Some recognized cults include the Ku Klux Klan, the Branch Davidians, Heaven's Gate, Peoples Temple and the Unification Church. The Church of Scientology, the Fundamentalist Church of Jesus Christ of Latter Day Saints, and the Watchtower Society also meet the accepted definition of a cult.
A cult is a relatively small group of people with a system of religious beliefs that are strange, suspicious or outside society's norms. The cult's beliefs and practices may or may not be potentially harmful. Cults are often brought together by charismatic leaders who are venerated as almost god-like.
The Branch Davidians in Waco, Texas were led by David Koresh, a former Seventh Day Adventist who was forced out of the church because of his extreme views. Koresh believed himself to be a savior figure and maintained that all women were his spiritual wives. In 1993, the Branch Davidian compound was raided by law enforcement on charges that people were being held against their will and that they were stockpiling weapons to use against the government.
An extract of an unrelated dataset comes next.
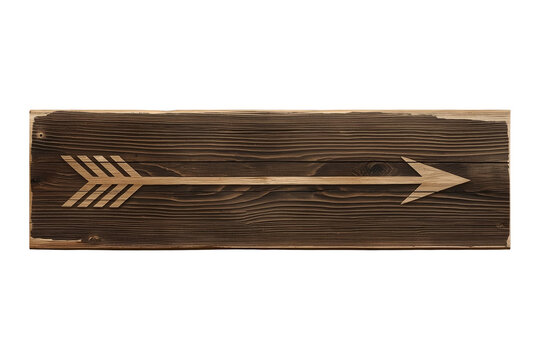 Long dark wood direction board with a narrow right arrow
The Branch Davidians barricaded themselves in, and a 51-day siege eventually ended in 77 deaths, including 20 children.
Jim Jones, founder of the Peoples Temple, led his followers to build a commune in Guyana. After New West Magazine published an article on some of the radical practices of the Peoples Temple, U.S. Congressional Representative Leo Ryan flew to Guyana to meet with Jones. Representative Ryan was shot at the commune, and before authorities could intervene, Jones led 900 of his followers to commit mass suicide by drinking poisoned Kool-Aid. This incident is one of the best-known examples of a cult in American popular culture.